_DATA TO USE:_
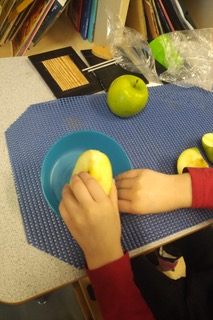 A child putting half of an apple inside a blue bowl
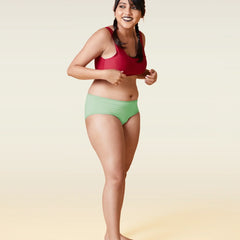 Woman wearing a red sports bra and green underwear on a gradient background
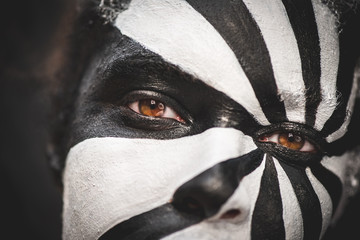 Close Up of female model with black and white abstract make up and piercing hazel brown eyes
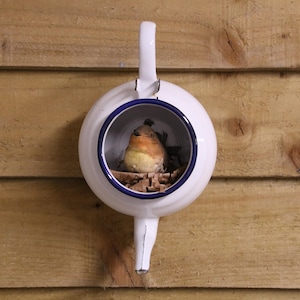 May include: A white teapot-shaped birdhouse with a blue rim and handle, fixed to a wooden wall. The birdhouse contains a small bird and nesting material. This decorative item is designed for outdoor use and adds a touch of whimsy.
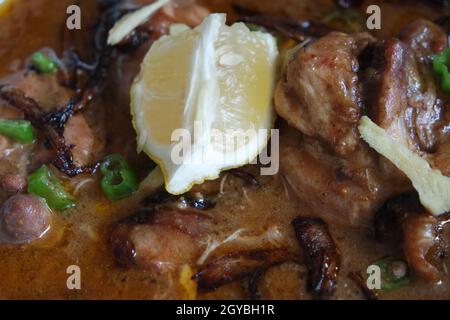 Nahaufnahme des traditionellen pakistanischen Haleem-Gerichts mit Salat und Zitronensaft. Stockfoto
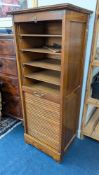 An early 20th century oak tambour front filing cabinet, height approx. 125cm.
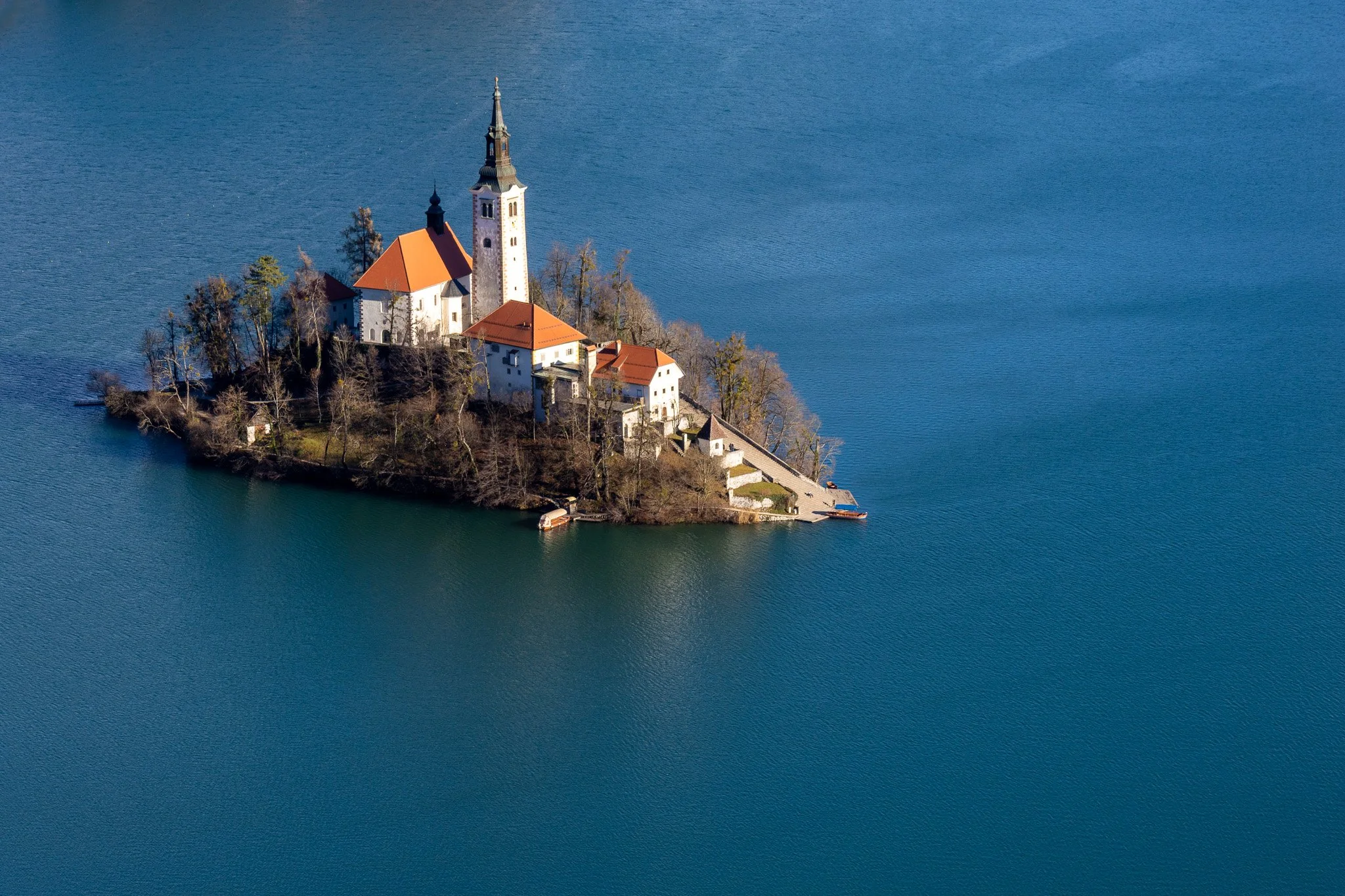 A small island with a church and several buildings surrounded by a lake.
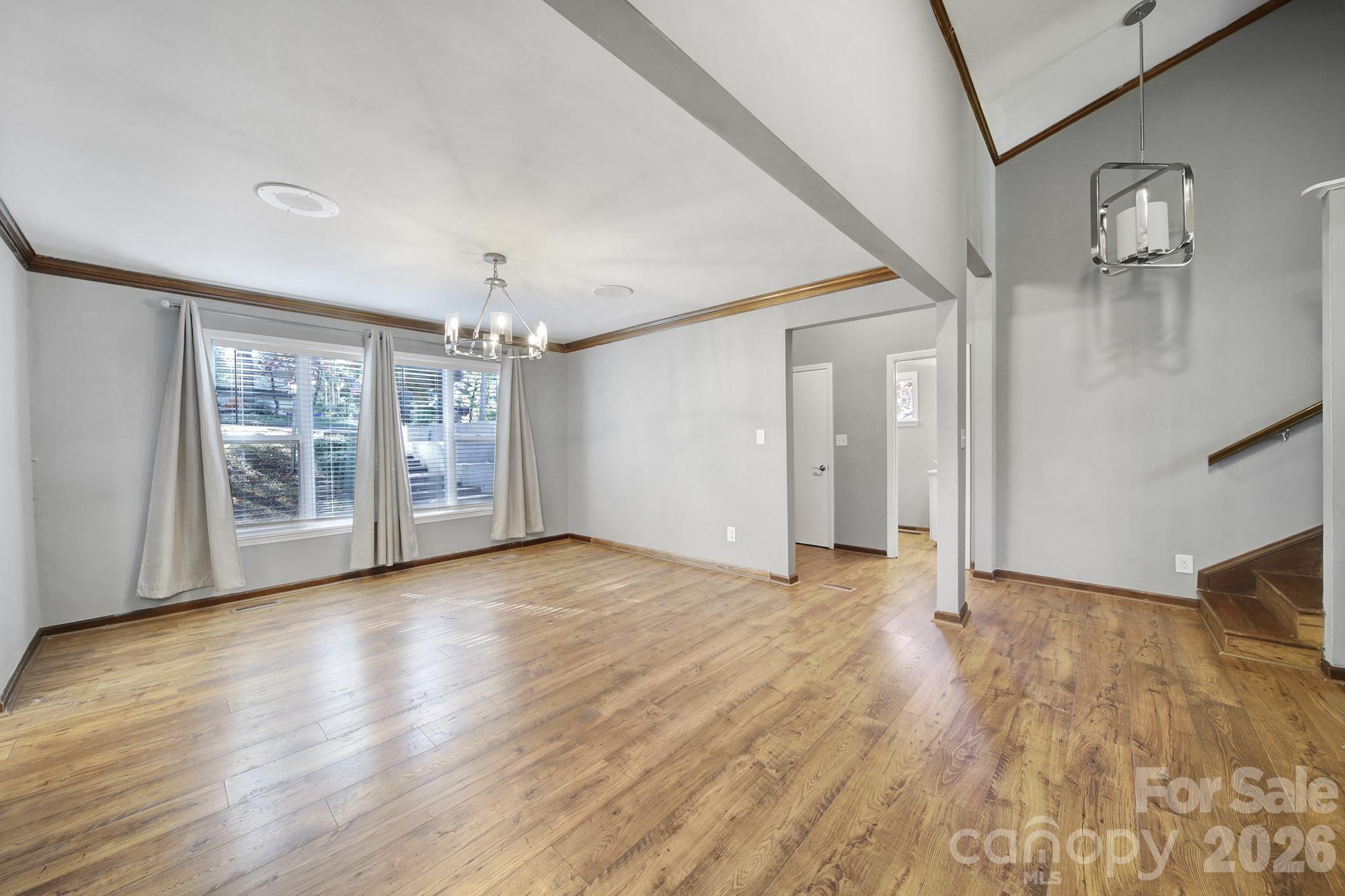 7005 Tega Cay Drive Tega Cay, SC 29708 - Photo 9 of 48 a view of an empty room with window and wooden floor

_GOAL OF THE EXERCISE:_
Beginning at the line with "Nahaufnahme des traditionellen", reproduce each line exactly through the last line of the records above, with pictures left out.

_THE COMPLETED TASK:_
 Nahaufnahme des traditionellen pakistanischen Haleem-Gerichts mit Salat und Zitronensaft. Stockfoto
 An early 20th century oak tambour front filing cabinet, height approx. 125cm.
 A small island with a church and several buildings surrounded by a lake.
 7005 Tega Cay Drive Tega Cay, SC 29708 - Photo 9 of 48 a view of an empty room with window and wooden floor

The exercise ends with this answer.